◆ **Your assignment**
The records sit below. Return every line in them that holds the word "Korean".

◆ **Records shown**
• • • •
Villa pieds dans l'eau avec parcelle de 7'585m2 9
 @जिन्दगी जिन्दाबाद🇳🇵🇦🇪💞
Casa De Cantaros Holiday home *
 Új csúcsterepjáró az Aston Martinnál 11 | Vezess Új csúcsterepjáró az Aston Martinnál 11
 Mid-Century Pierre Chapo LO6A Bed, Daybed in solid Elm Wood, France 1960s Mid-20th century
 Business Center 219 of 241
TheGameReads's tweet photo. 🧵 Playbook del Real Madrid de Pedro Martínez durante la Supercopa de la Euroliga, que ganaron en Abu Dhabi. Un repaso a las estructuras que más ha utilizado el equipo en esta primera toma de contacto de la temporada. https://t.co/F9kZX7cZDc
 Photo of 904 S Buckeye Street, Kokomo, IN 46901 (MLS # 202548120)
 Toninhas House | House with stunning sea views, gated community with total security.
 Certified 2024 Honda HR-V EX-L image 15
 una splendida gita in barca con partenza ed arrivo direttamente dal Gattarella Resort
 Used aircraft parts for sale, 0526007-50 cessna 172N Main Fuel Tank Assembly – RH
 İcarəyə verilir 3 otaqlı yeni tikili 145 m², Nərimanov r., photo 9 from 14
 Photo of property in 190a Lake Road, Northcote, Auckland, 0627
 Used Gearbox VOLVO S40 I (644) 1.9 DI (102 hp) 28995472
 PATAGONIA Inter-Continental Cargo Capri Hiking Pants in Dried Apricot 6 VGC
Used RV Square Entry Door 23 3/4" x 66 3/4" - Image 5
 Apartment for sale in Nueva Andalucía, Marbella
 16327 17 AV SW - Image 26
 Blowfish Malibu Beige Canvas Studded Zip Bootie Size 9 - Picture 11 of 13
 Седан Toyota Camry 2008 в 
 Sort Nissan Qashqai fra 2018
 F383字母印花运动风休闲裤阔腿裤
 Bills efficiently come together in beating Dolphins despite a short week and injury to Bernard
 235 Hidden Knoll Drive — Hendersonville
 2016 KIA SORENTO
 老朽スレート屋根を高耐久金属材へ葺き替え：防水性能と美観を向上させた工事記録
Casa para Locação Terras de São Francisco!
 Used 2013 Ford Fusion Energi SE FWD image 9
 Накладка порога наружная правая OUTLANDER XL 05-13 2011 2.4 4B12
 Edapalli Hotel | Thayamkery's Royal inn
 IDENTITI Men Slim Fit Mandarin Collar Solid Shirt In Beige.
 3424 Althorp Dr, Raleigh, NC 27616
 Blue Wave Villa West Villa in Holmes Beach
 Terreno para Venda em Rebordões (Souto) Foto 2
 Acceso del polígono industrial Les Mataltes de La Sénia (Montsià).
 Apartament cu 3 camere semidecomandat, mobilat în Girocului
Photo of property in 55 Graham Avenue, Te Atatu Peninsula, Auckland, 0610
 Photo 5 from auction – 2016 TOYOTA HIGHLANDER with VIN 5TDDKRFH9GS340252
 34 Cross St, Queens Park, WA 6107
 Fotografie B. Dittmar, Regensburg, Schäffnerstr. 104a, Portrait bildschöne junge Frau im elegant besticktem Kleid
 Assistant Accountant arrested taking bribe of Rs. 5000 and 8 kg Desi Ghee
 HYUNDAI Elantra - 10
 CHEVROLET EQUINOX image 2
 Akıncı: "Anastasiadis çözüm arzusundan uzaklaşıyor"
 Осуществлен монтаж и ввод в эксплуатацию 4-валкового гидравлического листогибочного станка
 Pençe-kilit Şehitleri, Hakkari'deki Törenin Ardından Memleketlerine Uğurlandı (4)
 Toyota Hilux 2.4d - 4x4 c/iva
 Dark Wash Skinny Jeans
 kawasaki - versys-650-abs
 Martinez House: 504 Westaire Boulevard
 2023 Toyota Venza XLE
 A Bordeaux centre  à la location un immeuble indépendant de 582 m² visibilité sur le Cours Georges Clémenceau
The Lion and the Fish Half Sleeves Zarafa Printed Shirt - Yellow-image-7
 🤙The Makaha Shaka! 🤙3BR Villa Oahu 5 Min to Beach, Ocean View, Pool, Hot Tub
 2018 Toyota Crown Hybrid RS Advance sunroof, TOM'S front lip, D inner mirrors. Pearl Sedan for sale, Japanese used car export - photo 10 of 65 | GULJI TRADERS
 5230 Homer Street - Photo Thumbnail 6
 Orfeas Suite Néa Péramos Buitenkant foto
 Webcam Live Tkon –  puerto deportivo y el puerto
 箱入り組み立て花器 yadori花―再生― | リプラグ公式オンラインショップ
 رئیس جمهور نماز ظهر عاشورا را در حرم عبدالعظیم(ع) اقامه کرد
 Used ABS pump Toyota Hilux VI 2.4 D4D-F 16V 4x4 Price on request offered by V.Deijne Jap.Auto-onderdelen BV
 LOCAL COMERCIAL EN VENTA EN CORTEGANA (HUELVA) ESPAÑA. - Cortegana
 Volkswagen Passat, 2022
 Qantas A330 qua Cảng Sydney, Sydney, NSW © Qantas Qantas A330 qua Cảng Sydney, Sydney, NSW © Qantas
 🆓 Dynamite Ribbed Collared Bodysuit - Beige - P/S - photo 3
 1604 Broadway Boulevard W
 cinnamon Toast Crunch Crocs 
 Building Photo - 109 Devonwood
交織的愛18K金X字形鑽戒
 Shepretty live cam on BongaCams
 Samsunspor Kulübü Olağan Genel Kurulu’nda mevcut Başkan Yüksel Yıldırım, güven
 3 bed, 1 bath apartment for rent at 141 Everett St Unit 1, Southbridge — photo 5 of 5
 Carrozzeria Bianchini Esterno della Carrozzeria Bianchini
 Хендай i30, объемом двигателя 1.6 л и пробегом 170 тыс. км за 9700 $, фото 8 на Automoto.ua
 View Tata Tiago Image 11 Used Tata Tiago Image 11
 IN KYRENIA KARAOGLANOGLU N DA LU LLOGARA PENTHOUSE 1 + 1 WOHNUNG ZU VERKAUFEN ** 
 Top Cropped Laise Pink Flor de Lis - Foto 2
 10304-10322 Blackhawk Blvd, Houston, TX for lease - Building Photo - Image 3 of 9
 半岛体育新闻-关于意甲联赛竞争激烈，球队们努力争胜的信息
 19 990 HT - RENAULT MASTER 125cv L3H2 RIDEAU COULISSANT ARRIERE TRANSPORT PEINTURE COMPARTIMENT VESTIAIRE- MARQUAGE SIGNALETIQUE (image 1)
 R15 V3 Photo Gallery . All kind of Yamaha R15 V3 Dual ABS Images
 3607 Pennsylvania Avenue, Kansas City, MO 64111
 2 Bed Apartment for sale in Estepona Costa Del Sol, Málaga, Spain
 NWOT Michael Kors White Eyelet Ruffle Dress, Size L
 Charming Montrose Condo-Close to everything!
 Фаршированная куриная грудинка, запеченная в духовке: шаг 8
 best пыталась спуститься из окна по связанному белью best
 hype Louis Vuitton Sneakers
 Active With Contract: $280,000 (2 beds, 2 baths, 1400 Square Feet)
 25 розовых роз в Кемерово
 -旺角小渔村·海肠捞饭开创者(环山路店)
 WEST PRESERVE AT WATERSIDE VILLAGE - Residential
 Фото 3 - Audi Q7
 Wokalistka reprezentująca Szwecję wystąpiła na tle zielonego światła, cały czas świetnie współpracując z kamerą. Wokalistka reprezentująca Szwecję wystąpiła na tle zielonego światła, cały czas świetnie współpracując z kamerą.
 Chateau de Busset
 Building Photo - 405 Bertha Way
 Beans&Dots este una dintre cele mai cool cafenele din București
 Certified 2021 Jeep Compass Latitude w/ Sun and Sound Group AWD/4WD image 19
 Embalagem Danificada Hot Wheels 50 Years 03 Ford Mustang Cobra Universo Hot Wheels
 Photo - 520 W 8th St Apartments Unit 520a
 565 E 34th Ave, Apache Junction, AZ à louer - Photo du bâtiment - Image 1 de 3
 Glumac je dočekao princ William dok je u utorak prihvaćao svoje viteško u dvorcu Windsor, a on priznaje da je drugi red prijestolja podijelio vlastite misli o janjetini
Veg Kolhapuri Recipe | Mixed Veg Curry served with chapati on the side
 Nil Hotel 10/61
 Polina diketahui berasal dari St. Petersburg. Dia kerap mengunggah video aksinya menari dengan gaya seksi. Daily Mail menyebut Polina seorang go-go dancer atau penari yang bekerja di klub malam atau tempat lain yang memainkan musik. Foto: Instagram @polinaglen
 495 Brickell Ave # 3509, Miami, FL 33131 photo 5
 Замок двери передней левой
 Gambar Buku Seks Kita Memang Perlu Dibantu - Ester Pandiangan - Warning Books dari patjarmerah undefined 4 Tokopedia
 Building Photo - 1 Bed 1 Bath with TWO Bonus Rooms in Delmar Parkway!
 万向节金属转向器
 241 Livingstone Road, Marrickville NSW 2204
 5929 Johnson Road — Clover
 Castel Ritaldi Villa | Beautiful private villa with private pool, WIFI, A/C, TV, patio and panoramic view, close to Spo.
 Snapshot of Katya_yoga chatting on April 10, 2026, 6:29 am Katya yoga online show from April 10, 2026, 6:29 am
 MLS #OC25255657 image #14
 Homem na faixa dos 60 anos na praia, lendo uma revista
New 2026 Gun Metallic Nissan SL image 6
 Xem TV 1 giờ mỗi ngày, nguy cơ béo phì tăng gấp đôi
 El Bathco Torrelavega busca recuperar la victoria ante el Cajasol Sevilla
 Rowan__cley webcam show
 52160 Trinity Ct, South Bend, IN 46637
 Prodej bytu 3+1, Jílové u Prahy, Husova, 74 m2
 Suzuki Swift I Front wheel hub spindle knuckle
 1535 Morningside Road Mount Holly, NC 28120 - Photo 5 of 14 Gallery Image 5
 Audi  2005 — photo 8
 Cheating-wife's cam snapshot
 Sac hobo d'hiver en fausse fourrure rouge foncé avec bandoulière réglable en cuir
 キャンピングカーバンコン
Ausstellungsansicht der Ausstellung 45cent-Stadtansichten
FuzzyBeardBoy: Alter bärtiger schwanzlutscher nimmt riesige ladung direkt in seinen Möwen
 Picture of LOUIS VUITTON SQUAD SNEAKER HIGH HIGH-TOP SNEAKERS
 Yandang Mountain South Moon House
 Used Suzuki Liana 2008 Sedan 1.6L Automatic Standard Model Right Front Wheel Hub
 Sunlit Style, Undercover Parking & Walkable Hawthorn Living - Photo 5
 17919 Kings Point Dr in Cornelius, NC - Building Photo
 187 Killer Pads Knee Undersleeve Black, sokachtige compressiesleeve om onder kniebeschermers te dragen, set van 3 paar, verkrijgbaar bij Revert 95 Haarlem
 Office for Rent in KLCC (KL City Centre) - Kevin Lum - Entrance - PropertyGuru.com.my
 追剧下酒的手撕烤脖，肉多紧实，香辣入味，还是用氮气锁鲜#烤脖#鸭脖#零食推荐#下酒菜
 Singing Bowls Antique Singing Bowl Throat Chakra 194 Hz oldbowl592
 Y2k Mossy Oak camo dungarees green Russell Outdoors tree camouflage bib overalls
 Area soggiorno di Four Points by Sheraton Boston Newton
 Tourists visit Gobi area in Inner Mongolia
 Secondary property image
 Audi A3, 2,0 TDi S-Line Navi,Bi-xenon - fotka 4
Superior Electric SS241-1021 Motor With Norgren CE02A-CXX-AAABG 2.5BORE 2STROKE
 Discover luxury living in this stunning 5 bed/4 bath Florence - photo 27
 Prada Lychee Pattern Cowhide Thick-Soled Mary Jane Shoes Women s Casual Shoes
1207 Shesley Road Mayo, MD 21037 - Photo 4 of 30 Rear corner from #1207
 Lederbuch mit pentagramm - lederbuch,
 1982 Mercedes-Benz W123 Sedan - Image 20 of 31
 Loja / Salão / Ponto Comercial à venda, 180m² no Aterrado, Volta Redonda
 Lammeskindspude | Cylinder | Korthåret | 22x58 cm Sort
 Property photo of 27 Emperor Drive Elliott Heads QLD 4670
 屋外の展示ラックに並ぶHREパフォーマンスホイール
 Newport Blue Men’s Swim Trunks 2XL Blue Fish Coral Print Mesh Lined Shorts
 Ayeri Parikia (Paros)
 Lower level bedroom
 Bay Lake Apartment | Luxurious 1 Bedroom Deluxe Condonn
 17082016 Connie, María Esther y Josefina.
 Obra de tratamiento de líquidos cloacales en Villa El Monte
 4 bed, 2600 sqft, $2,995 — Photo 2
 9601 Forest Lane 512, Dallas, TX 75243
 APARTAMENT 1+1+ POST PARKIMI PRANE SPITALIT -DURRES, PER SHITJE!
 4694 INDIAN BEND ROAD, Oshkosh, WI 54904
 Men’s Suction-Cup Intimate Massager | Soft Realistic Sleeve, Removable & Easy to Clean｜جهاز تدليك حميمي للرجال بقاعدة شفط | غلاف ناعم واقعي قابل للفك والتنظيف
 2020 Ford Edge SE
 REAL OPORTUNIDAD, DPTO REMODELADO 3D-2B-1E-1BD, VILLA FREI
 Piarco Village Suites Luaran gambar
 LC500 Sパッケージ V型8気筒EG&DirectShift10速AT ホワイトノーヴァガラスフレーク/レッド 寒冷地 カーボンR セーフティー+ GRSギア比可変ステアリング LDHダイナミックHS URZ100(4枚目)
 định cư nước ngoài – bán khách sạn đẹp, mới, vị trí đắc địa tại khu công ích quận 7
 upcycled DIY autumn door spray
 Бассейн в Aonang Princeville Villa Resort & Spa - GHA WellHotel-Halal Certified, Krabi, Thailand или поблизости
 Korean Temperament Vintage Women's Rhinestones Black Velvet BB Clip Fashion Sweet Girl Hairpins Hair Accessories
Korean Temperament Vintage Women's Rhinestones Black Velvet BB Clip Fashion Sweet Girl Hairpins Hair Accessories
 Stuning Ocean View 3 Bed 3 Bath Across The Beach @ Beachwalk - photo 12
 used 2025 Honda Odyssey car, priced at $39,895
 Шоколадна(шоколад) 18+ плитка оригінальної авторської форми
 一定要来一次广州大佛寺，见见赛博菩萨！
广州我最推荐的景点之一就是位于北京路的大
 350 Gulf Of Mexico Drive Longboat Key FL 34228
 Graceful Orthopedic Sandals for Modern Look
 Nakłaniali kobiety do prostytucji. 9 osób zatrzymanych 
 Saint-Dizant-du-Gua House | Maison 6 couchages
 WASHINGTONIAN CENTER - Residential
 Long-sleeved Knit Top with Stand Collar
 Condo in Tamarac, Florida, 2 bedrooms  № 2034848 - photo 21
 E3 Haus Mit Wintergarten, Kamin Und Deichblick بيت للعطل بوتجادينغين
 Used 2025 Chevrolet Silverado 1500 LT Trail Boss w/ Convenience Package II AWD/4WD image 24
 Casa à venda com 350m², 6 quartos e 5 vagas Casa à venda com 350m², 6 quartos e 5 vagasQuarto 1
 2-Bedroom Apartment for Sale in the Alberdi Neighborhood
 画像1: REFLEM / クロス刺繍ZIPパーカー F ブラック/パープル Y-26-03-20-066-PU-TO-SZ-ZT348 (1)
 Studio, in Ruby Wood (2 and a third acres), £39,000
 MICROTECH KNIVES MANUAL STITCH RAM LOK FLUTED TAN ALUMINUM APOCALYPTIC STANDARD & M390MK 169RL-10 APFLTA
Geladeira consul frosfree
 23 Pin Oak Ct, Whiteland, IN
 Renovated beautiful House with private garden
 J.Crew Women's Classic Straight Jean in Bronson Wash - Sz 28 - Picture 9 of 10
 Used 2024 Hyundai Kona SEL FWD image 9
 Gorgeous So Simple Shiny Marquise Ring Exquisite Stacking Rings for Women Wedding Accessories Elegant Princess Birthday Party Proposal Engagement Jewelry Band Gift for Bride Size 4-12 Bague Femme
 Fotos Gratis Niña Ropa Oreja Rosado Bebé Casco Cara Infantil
• • • •
◆ **Your response**
 Korean Temperament Vintage Women's Rhinestones Black Velvet BB Clip Fashion Sweet Girl Hairpins Hair Accessories
Korean Temperament Vintage Women's Rhinestones Black Velvet BB Clip Fashion Sweet Girl Hairpins Hair Accessories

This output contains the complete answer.